--- Dataset extract ---
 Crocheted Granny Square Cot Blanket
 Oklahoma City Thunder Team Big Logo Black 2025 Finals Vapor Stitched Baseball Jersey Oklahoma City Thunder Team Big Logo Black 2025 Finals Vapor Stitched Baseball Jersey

---

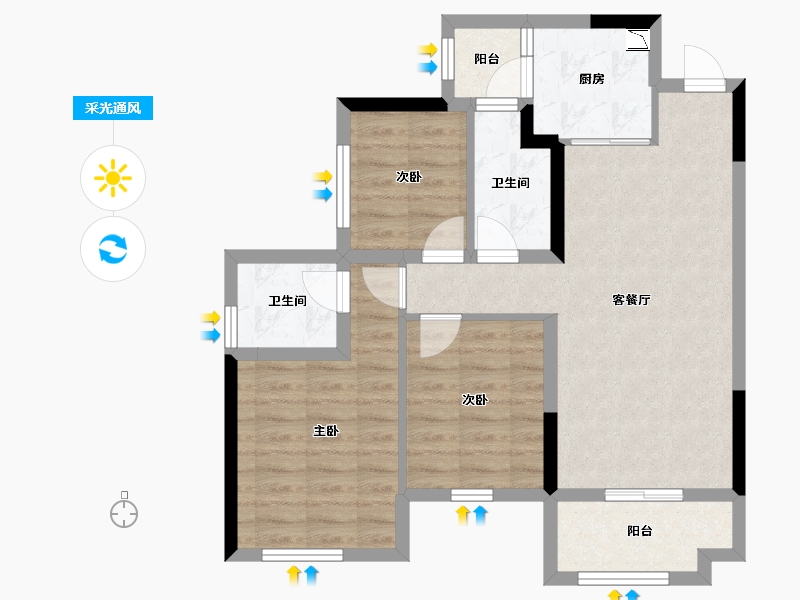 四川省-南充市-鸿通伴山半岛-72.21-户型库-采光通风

--- Exercise ---
Take exactly the lines from the one containing "Crocheted Granny Square Cot Blanket" through the one containing "Baseball Jersey Oklahoma" in the data above, and output them with nothing added.

--- Task result ---
 Crocheted Granny Square Cot Blanket
 Oklahoma City Thunder Team Big Logo Black 2025 Finals Vapor Stitched Baseball Jersey Oklahoma City Thunder Team Big Logo Black 2025 Finals Vapor Stitched Baseball Jersey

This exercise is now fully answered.